Pandemic parenting

 The pandemic has prompted us to rethink and consider parenting with greater attention since the pandemic has challenged so many traditional parenting events, attitudes, and efforts. How has the pandemic changed the way you parent? What changes will remain and what will go once we're past pandemic limitations?

My son called yesterday. It was a nice surprise since I typically call him. In general, he called to tell me that so far his atypical college semester had turned out better than he expected. The apartment, roommates, neighborhood, and social activities were going well. All in all, he's staying safe, wearing a mask, gathering with small groups, cooking/eating healthy meals, and using his bike for most transportation. Though online, his professors have already been inspiring, and he's committed to learning a lot this semester. This was a pleasant surprise since I had low expectations for the semester and even questioned whether returning to school during a pandemic was the right thing to do.

As a parent of a college student, I had to give up many of the traditions we'd typically be involved in, traditions including driving him to school, meeting up with his friends and their parents, attending sports events, shopping at the school bookstore, and enjoying the greater school community. Instead, we lent him a car, contributed to his rent/tuition, and bid him farewell and good luck. He's quickly become more independent than we expected, and thankfully he seems to be managing well. May it continue. 

The same is true for my young adult sons--the pandemic has spurred them to grow up and take more responsibility earlier as they've had to make a lot of decisions about how they spend their time and money in ways that keep themselves and others safe. They are investing in safe, outdoor hobbies and adventures more and spending less time at indoor parties and gatherings. They're also spending more time with smaller groups and individuals at more intimate outings. While not life as they expected it, they've accomplished some great feats during this time including awesome gardening, hiking, boating, and lots of cooking. 

I imagine that homes with young children have fostered new ways to think about and act as parents. In my neighborhood, two families created a pod. The children are having a blast with all kinds of outdoor and indoor adventures, projects, and play. This has created a new warmth to the neighborhood, and the parents seem to rely on each others' energy, care, and camaraderie. 

In the best of worlds, this pandemic will result in better, stronger, more loving families and parenting. The time together, hopefully, will help parents see what's most important, and use that new knowledge to lobby and advocate for what's best for children and families.

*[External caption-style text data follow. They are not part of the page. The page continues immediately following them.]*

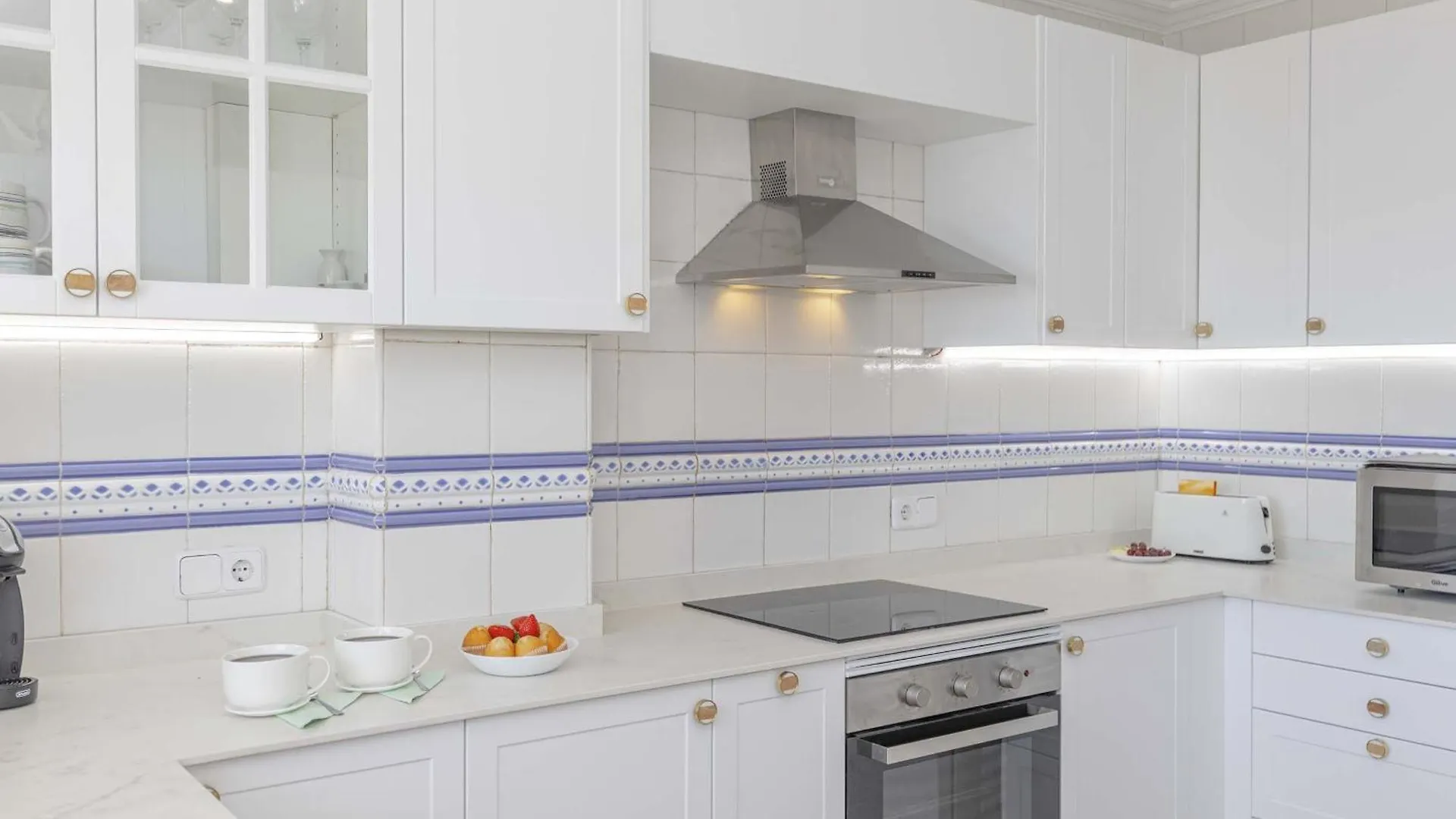Apartamento Miramar Alcudia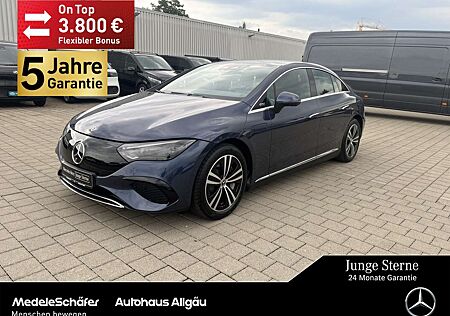 Mercedes-Benz EQE 300 Premium MASSAGE 360° LEDER D-Light NP88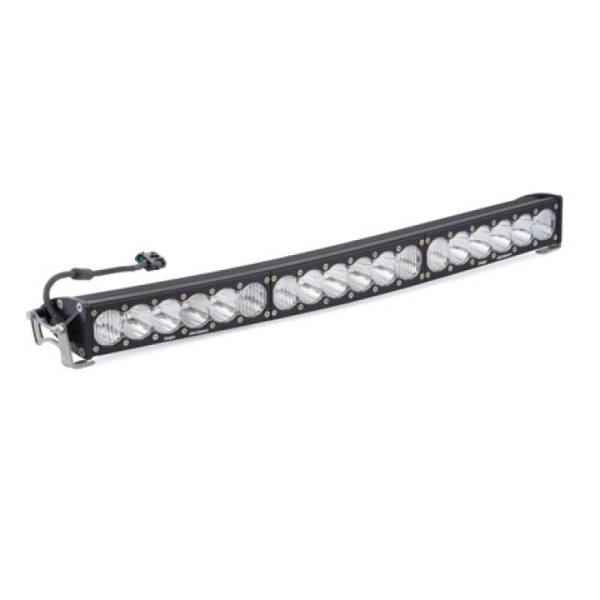 Baja Designs - Baja Designs OnX6 Arc Series Driving Combo Pattern 30in LED Light Bar - 523003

In my opinion, a country founded on a strong sense of family will be a strong, happy, and prosperous country. For too long, I believe, we've neglected the important needs of families and the integral role they play in our democracy. A promise in the pandemic problem is the opportunity to strengthen, support, and commit to the American family with the broad definition of family as the people you love most and support. 

How has the pandemic changed the way you parent? How have your expectations and the way you use your time changed? What about your hopes for your children and their future--how is that different now? 

I believe this is a revolutionary time for the American family. I do believe that Kamala Harris and Joe Biden understand this, and if elected President and Vice President, they will work for the American family in countless ways. This will be one way that they can meet the potential the promise in the pandemic problem creates, a promise that will strengthen and better our nation.